In 2007, a symposium entitled “Current Issues in Developmental Immunotoxicology” was held at the 46th Annual Meeting of the Society of Toxicology (SOT) in Charlotte, NC. This symposium was sponsored by the SOT Immunotoxicology Specialty Section and was co-sponsored by the SOT Reproductive and Developmental Toxicology, Neurotoxicology, and Risk Assessment Specialty Sections. The 2007 symposium addressed a number of issues relevant to the assessment of DIT and the use of these data in human health risk assessment. The overall topics represented a logical continuation of activities and scientific advancements in this field.

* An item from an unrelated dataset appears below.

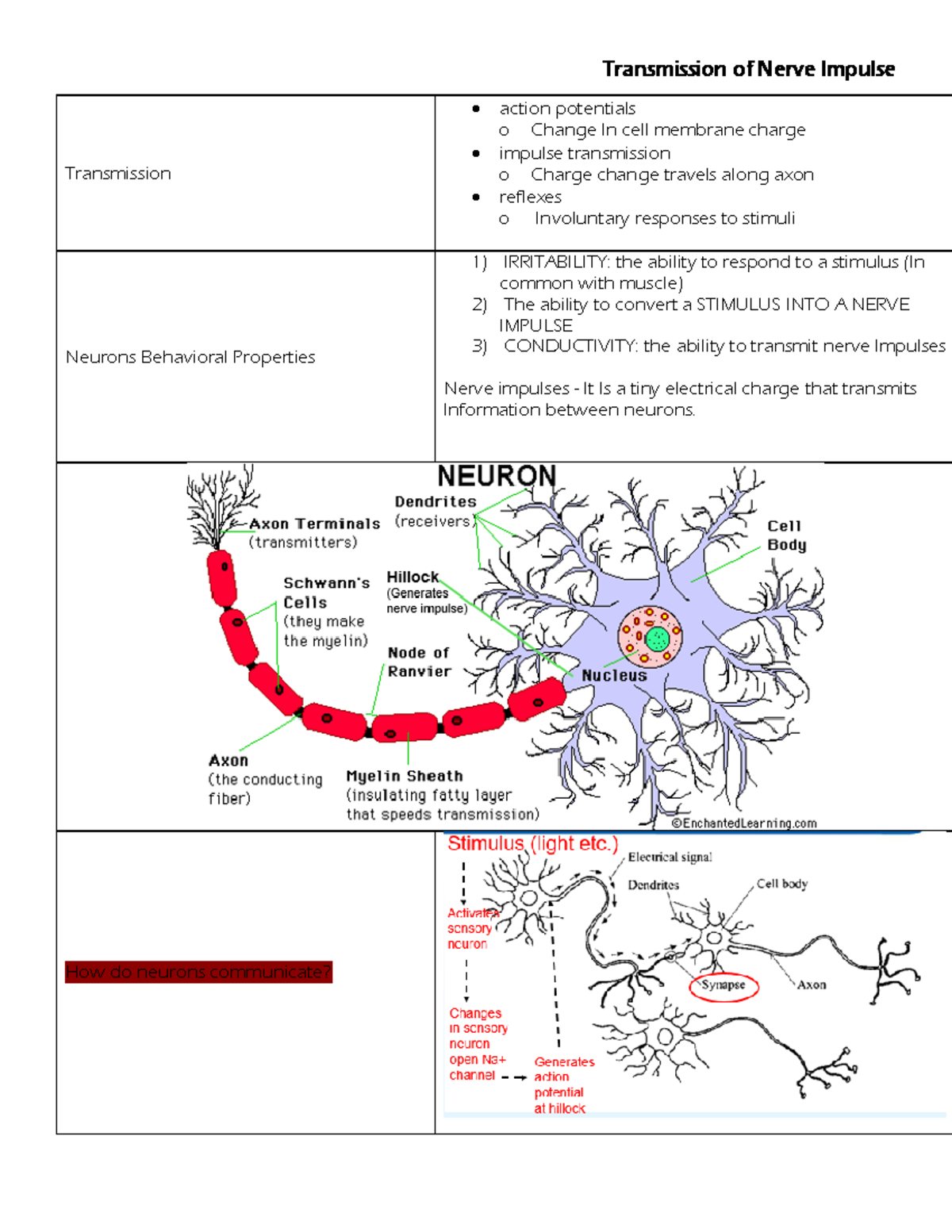 Transmission of Nerve Impulses copy - Transmission of Nerve Impulse ...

It moved beyond description and support of the concept of increased susceptibility and age-based sensitivity of the immune system to draw attention to implications of developmental immunotoxicology on later-life immune dysfunction. In addition, the 2007 DIT symposium presented a broad focus spanning the full range of immunotoxicity research areas, rather than concentrating on immunosuppression alone as is often done in this discipline.
Overview of the DIT symposium
The presentations given at the 2007 symposium illustrated a significant advance in the database of studies supporting DIT compared to those available in 2003. DIT has been shown for the four major classes of immunotoxicity including unintended immunosuppression, unintended immunostimulation, hypersensitivity, and autoimmunity. To capture this broad scope, the DIT symposium utilized experts from the immunotoxicology research community as well as experts from outside fields that perform DIT-related research that is normally published in pediatric or neuroendocrine journals and can therefore be overlooked by immunotoxicologists monitoring more traditional immunotoxicology journals. During the symposium, Dr. Rodney Dietert highlighted several areas of research with increased evidence for the implications of DIT on disease and health in later life. Dr. Denise Bellinger presented the implications of neuroendocrine cross-talk for developmental immunotoxicology with an emphasis on stress in the pre- and perinatal environment. A presentation was given by Dr. Lester Kobzik that brought data together from an increasing number of studies demonstrating the strength and complexity of the association between developmental air pollutant exposure and asthma. Recent evidence that developmental exposure to TCDD may increase the risk of autoimmune responses was presented by Dr. Steven Holladay that extended the range of immune effects beyond immunosuppression previously associated with developmental exposure to TCDD. In the final presentation, Dr. Yung Yang examined the regulatory framework as it currently exists to drive developmental immunotoxicology research and risk assessment. Their insights are captured in the subsequent series of papers and briefly summarized here.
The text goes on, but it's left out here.